Boże siedleczko to przyjaźnie nastawiony do ludzi duch domowy, który potrafił przepowiadać przyszłość. Pojawiał się przed oczami mieszkańców i ostrzegał ich przed grożącym niebezpieczeństwem – pożarem, powodzią, czy wizytą dawno niewidzianej, acz licznej rodziny.
Sam stworek nie ingerował w żaden sposób w przebieg wydarzeń i nigdy nie próbował zapobiec nieszczęściu – to już należało do samych zainteresowanych. Powinni oni uprzejmie wypytać opiekuna o szczegóły przepowiedni i działać adekwatnie do sytuacji. Natomiast jeśli ludzie beztrosko ignorowali ostrzeżenia, siedleczko denerwował się i karał niewdzięczników. Duszek przesiadywał zazwyczaj niewidoczny w kątach chaty i należało bardzo uważać by go niechcący nie polać ukropem. Po takim wypadku nieostrożny domownik dostawał bowiem bolesnej, czerwonej wysypki, a wściekły stworek zabierał się do opuszczenia gospodarstwa.

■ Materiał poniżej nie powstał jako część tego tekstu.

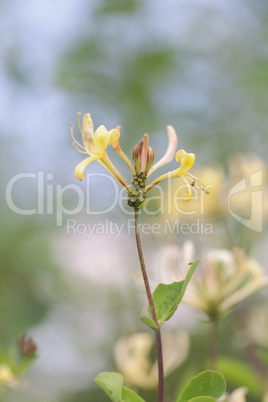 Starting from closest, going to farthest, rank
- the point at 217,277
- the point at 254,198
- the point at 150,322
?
the point at 150,322, the point at 217,277, the point at 254,198

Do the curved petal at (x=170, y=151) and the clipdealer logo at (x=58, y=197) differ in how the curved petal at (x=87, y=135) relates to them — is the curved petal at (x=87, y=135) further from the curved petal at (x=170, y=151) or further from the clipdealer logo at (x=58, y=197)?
the clipdealer logo at (x=58, y=197)

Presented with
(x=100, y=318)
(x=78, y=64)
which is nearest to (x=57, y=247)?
(x=100, y=318)

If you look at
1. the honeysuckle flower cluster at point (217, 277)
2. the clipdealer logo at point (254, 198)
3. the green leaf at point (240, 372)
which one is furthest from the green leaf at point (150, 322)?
the clipdealer logo at point (254, 198)

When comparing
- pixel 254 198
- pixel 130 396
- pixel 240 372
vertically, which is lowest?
pixel 240 372

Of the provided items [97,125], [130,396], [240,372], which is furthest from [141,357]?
[97,125]

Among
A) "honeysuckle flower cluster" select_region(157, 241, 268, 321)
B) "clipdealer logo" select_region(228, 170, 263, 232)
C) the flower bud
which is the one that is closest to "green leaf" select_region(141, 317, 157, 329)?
the flower bud

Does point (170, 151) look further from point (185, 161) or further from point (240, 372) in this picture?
point (240, 372)

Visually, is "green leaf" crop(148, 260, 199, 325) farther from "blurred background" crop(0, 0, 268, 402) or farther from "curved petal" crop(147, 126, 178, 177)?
"blurred background" crop(0, 0, 268, 402) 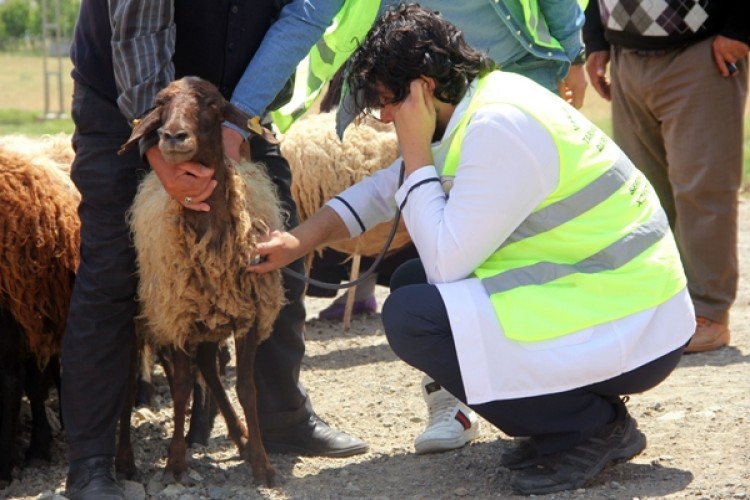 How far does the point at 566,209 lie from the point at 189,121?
1221mm

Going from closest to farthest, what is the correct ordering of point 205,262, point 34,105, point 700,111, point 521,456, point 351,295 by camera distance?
point 205,262 → point 521,456 → point 700,111 → point 351,295 → point 34,105

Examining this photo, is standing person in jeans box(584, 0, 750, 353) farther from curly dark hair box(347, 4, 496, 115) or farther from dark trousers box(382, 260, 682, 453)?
curly dark hair box(347, 4, 496, 115)

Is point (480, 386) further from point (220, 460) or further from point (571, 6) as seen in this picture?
point (571, 6)

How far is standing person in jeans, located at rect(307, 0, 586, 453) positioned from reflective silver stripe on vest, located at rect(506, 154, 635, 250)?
941mm

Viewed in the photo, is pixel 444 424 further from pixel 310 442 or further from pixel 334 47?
pixel 334 47

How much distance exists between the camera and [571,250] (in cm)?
359

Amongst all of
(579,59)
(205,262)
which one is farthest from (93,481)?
(579,59)

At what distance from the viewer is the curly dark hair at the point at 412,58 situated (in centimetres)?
360

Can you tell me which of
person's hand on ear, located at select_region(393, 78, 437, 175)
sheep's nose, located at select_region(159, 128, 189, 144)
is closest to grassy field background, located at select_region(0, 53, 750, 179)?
sheep's nose, located at select_region(159, 128, 189, 144)

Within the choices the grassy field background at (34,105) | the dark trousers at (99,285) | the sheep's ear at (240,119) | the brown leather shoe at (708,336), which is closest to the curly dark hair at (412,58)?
the sheep's ear at (240,119)

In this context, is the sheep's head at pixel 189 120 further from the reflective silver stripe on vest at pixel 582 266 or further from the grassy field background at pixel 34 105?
the grassy field background at pixel 34 105

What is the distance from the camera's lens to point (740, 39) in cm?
541

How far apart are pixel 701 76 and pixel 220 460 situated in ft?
9.82

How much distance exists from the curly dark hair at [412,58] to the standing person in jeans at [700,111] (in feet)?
7.11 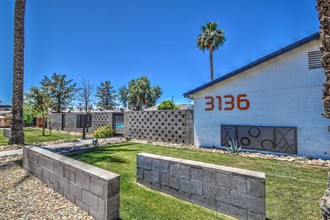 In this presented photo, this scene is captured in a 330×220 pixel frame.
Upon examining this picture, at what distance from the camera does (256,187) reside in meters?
2.70


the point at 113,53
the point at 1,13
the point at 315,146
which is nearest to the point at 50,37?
the point at 1,13

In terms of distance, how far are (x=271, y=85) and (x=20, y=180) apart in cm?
956

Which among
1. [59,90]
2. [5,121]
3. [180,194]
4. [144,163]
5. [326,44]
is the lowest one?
[180,194]

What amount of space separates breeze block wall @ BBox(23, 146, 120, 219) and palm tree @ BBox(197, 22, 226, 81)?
2038 centimetres

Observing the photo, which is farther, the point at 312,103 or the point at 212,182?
the point at 312,103

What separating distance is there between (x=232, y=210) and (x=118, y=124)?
13.5 m

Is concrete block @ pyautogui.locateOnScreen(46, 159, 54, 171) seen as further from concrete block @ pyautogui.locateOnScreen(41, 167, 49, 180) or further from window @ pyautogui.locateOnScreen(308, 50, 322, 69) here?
window @ pyautogui.locateOnScreen(308, 50, 322, 69)

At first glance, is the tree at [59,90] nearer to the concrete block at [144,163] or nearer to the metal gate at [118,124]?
the metal gate at [118,124]

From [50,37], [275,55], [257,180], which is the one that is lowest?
[257,180]

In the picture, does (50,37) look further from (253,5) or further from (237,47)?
(237,47)

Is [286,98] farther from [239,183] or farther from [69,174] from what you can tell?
[69,174]

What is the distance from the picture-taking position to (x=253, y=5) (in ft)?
32.9

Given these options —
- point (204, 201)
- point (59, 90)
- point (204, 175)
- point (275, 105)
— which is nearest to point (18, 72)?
point (204, 175)

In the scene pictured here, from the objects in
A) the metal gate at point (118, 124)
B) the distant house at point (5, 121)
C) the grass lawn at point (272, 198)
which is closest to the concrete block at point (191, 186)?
the grass lawn at point (272, 198) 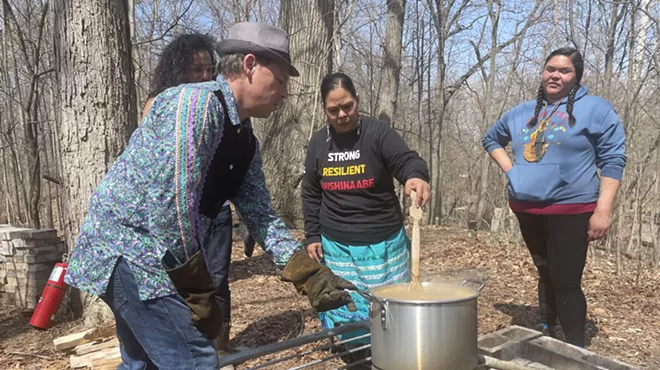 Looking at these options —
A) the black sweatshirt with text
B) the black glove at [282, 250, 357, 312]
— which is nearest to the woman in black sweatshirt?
the black sweatshirt with text

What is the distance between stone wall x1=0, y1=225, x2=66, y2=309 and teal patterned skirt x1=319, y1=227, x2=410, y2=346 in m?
3.56

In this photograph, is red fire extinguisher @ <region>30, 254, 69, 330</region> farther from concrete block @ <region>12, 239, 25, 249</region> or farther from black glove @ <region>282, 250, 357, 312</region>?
black glove @ <region>282, 250, 357, 312</region>

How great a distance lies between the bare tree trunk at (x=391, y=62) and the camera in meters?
10.5

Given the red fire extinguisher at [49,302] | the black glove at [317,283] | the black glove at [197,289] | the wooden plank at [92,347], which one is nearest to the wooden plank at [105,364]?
the wooden plank at [92,347]

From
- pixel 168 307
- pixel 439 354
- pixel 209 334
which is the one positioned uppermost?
pixel 168 307

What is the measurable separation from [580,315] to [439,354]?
177 cm

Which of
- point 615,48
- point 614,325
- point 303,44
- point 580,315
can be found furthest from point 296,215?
point 615,48

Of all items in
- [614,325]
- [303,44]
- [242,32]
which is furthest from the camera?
[303,44]

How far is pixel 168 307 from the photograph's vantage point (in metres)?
1.51

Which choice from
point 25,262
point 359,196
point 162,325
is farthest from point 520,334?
point 25,262

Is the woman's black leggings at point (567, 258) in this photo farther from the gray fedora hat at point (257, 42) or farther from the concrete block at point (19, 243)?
the concrete block at point (19, 243)

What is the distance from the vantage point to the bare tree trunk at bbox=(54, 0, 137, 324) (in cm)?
378

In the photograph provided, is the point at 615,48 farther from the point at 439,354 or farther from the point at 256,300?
the point at 439,354

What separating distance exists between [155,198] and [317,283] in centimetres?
82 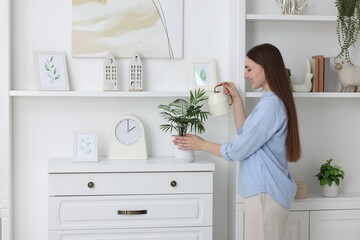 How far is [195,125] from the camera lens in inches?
127

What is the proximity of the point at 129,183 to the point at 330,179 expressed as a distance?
1152mm

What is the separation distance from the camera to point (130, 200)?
311 centimetres

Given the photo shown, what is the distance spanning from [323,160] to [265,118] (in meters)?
0.98

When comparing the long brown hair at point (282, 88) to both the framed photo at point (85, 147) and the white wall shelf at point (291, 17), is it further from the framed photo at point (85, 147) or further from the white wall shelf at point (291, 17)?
the framed photo at point (85, 147)

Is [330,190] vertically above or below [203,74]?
below

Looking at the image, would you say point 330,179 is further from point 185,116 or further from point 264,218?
point 185,116

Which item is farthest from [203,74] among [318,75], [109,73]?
[318,75]

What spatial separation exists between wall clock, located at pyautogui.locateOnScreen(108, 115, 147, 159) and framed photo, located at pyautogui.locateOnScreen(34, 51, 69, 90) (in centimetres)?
35

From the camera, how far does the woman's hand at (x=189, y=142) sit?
122 inches

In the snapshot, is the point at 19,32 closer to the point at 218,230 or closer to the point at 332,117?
the point at 218,230

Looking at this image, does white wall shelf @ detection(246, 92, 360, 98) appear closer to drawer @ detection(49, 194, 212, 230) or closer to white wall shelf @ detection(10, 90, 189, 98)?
white wall shelf @ detection(10, 90, 189, 98)

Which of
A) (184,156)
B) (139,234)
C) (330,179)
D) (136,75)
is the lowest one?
(139,234)

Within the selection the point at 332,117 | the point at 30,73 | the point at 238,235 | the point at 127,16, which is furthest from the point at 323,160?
the point at 30,73

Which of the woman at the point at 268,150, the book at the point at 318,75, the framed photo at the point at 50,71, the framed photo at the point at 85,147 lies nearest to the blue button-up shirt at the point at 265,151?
the woman at the point at 268,150
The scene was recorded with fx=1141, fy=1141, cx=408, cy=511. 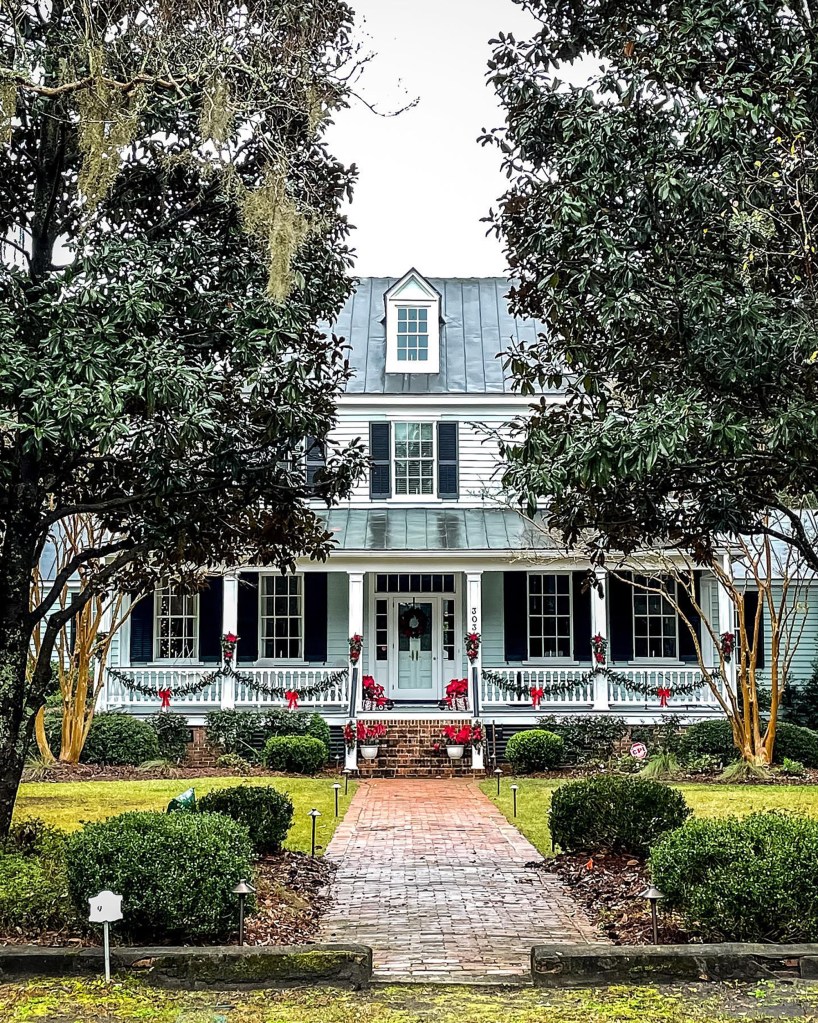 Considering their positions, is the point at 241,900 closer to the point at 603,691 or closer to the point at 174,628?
the point at 603,691

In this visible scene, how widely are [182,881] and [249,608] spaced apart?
49.7 feet

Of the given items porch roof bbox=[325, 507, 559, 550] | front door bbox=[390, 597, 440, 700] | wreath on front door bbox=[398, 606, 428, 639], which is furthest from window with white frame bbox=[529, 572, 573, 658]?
wreath on front door bbox=[398, 606, 428, 639]

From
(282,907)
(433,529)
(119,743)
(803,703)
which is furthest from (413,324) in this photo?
(282,907)

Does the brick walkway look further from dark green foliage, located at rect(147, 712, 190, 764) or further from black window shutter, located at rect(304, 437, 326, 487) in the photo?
dark green foliage, located at rect(147, 712, 190, 764)

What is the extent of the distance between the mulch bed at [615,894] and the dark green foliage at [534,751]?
7785 millimetres

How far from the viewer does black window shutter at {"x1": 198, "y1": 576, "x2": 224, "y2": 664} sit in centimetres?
2159

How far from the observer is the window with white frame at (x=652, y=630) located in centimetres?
2177

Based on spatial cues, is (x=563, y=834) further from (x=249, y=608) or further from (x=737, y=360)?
(x=249, y=608)

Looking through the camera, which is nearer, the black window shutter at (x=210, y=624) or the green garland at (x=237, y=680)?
the green garland at (x=237, y=680)

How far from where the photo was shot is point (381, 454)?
2250 centimetres

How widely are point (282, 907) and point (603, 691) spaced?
1257 cm

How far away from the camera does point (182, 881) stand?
6.54m

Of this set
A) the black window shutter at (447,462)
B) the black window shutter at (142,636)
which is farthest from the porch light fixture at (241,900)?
the black window shutter at (447,462)

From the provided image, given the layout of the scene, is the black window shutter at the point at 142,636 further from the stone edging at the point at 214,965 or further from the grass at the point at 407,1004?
the grass at the point at 407,1004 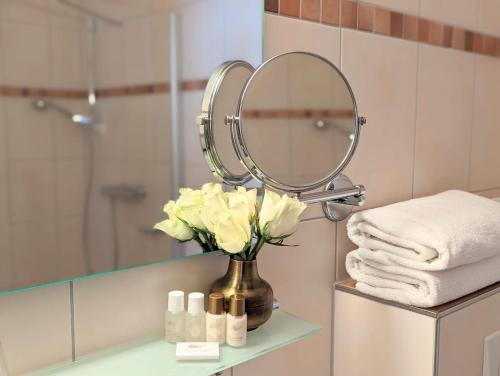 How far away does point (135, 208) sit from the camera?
843mm

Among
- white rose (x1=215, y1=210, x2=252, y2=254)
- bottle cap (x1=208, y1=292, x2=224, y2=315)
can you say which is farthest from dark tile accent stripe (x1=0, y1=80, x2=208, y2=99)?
bottle cap (x1=208, y1=292, x2=224, y2=315)

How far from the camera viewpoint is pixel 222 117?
37.3 inches

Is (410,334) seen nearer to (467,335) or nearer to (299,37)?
(467,335)

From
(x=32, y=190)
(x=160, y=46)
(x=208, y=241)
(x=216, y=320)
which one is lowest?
(x=216, y=320)

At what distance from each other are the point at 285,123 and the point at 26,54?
0.46 meters

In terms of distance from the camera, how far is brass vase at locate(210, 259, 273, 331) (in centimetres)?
88

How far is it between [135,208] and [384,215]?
20.7 inches

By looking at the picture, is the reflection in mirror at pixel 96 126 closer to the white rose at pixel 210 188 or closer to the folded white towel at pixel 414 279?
the white rose at pixel 210 188

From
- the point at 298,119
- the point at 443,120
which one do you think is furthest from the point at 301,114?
the point at 443,120

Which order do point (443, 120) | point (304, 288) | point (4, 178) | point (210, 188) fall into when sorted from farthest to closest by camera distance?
point (443, 120)
point (304, 288)
point (210, 188)
point (4, 178)

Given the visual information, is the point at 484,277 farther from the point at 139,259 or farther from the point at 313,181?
the point at 139,259

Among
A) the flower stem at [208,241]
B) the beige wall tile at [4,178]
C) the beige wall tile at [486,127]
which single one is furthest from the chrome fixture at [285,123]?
the beige wall tile at [486,127]

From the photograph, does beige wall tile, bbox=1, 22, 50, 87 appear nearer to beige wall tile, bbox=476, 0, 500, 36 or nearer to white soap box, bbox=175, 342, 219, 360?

Aby temu zapobiec gospodynie smarowały komin (przez który stwór opuścić miał chatę) świeżym masłem. Wymawiały przy tym stosowne zaklęcie:
„Boże siedleczko, ja cię namaszczam, uzdrów mnie, kiedyś mnie sparzyło”.
Miało to skutecznie zatrzymać duszka i cofnąć zadaną przez niego chorobę.